Jesus, que se descreveu como marido, pai e avô, espera ainda que “não só a sociedade francesa, mas toda a Europa e não só que as mulheres, mas os homens também” possam ser impactados por este caso para que algo mude no futuro.

Desde antes das 09:00 horas locais (08:00 de Lisboa) dezenas de pessoas foram chegando desde até à hora de almoço para assistir à audiência, que ficou marcada pelo primeiro depoimento de Dominique desde o início do julgamento em 02 de setembro e após uma semana de ausência pelo seu estado de saúde.

A sala de transmissão do tribunal revelou-se pequena para a quantidade de pessoas, que se iam revezando para assistir por algumas horas ao julgamento através de uma projeção da sala onde decorria a audiência.
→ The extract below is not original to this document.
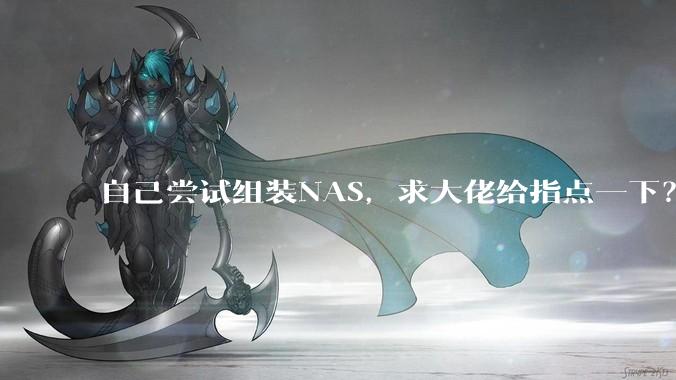 自己尝试组装NAS，求大佬给指点一下？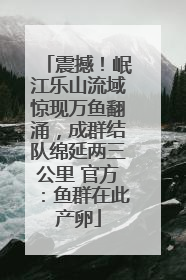 震撼！岷江乐山流域惊现万鱼翻涌，成群结队绵延两三公里 官方：鱼群在此产卵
Do lado de fora, num ambiente calmo, as pessoas, maioritariamente mulheres de todas as idades, aguardavam pacientemente em fila e iam comentando o caso umas com as outras, expressando choque, apoio a Giséle e o que esperam que aconteça aos acusados.

“É uma vergonha, é um caso que devia afetar toda a gente, mas não apenas homens e mulheres comprometidos e, por exemplo, se olharmos para o tribunal, quase só vieram mulheres e isso é uma pena”, lamentou Rachel, de 23 anos.

A jovem criticou ainda os homens franceses, por acreditar que a maioria tem noção dos conceitos de “consentimento e violação”, mas há uma parte que parece não compreender e isto é “uma questão de maior profundidade”, não apenas de educação.

Além de Dominique Pelicot, estão a ser julgados 50 outros homens que terão violado Gisèle Pelicot, hoje divorciada.

“Estou aqui porque sou uma mulher, isto interessa-me, porque é uma mulher que tem quase a minha idade”, disse à Lusa Gisèle, de 67 anos, acrescentando que veio ao julgamento para “apoiar a vítima e os seus filhos, porque ela não está sozinha lá dentro, tem toda a sua família que está confusa” com o caso.

Referindo-se à vítima com a qual partilha o nome, Gisèle acredita que “é uma mulher que tem muita coragem”, acrescentando que o “julgamento delicado” é necessário “para tentar que os homens compreendam que é preciso parar um pouco”.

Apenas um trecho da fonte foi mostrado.